Listen, I'm not asking, nor am I expecting to look like a Victoria's Secret model when I buy one, but it is no wonder they are all so damn skinny.  No one can afford to eat AND wear that lingerie. 

That's it.  That's what it's like to be a woman with breasts in today's world.  Sorry if that ruins boobs for you, men of Earth.  I just needed you to understand what women go through.

Monday, February 1, 2016

Mother knows best.

The hardest part about adulthood isn't trying to successfully date, or nailing a job interview, or making sure you get enough sleep.  It's realizing that your mother was right.  About everything.

It is god damn infuriating.

You spend years trying to prove your mother wrong.  "I'm not an idiot Ma, I know what I'm doing."  False.  You ARE an idiot and you DON'T know what you're doing.  The sooner you realize it, the better off you'll be. 

Parents are supposed to let their children fail in order for them to succeed further down the road.  My mother, however, is quite different.  She wants us to listen to her so it saves her the trouble of fixing the huge mess we are about to make by taking matters into our own hands.  I can't blame her though, my siblings and I really shouldn't be left to our own devices.  Case and point: there's a rule in our family that no one is allowed to go to Mexico without adult supervision because my mom doesn't want to have to bail us out of a Mexican prison.  She doesn't speak Spanish.  It wouldn't end well.

I am not kidding.  This is an actual rule that was made about 15 years ago and it is still very much in effect today.

The only thing that I am successfully able to do without her help is make myself food.  Even then, I still sometimes ask her what to do, because she wants to help.  I'm doing it for her sake, really, because I am a very considerate daughter.

As you get older, more and more things get added to the list of "things my mother was right about."  Things you honestly have never given a second thought to, because only moms think about them.

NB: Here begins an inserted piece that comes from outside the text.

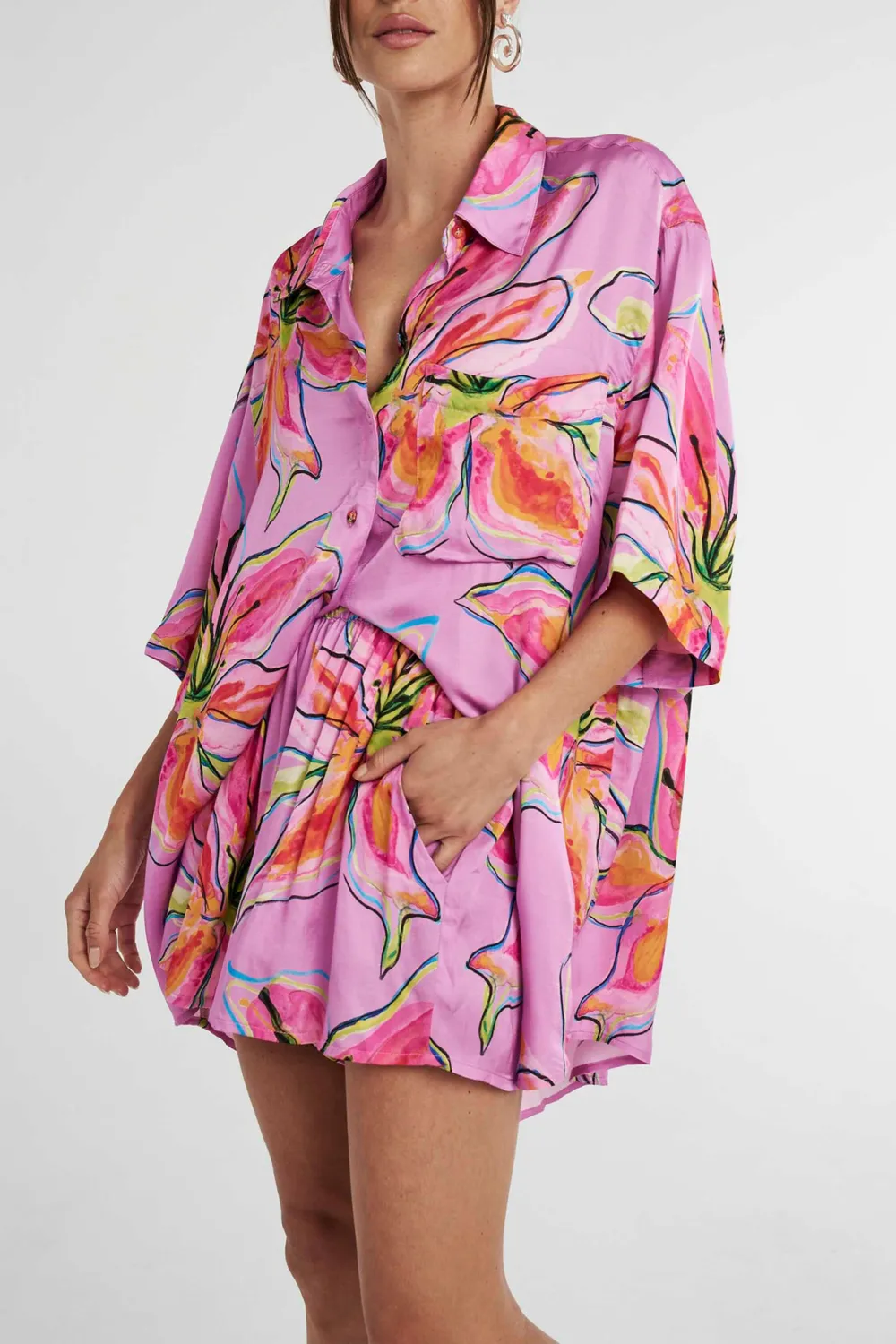 Lazy Vacation Style Lilac Lily Long-Sleeved Shirt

Admitting actually isn't the worst part of all of this, it's the smug look on her face every time you admit it.  Even telling her over the phone, you can still see her cheesy smile as every mistake you've ever made from not listening, just washes over her. 

Here is a list of things about which your mother will forever be right:
  • Your laundry doesn't just magically do itself. -My mom taught my siblings and I how to do laundry at a young age so we wouldn't be helpless.  I still hate doing it, though.  Rebecca's Adulthood Survival Tip #1: When out of clean work clothes, don't wash them.  Either Febreze the hell out of them, or just head to the store and get new ones.

  •  You can't have cake for dinner. -I do this all of the time.  You CAN have cake for dinner, but there are some draw backs.  One, you have to buy the cake yourself.  Which is horseshit.  Two, you of course don't buy the small cake.  You buy the one that can feed a small army because it's a better deal. (SEE MOM, I'M THRIFTY!) Three, you tell yourself you can eat that entire mammoth cake no problem.  Four, PROBLEM.  Major problem.  You get about 1/5 of the way through the cake and realize you hate yourself and have pretty much given yourself diabetes.  At this point, you are contemplating calling her and telling her about your self-inflicted tummy ache.  This is a trap.  Do NOT call her. Five, you didn't listen to me, and you called her.  Six, now comes the lecture.  "You can't eat a whole cake for dinner, Rebecca.  How many times do we have to have this conversation?"  Seven, at this point you've probably called her a dream killer or something equally as ridiculous, but you are on a very emotional sugar high and cannot be held responsible for your own actions.  Eight, you have now apologized for your sugar induced rage and offer her some cake.  Nine, she says some backhanded thing about how she's eating an adult dinner with vegetables and everything so she doesn't want cake, and it sends you into another tirade.  Ten, you realize that she is right, so you stop arguing and tell her how much you love her. 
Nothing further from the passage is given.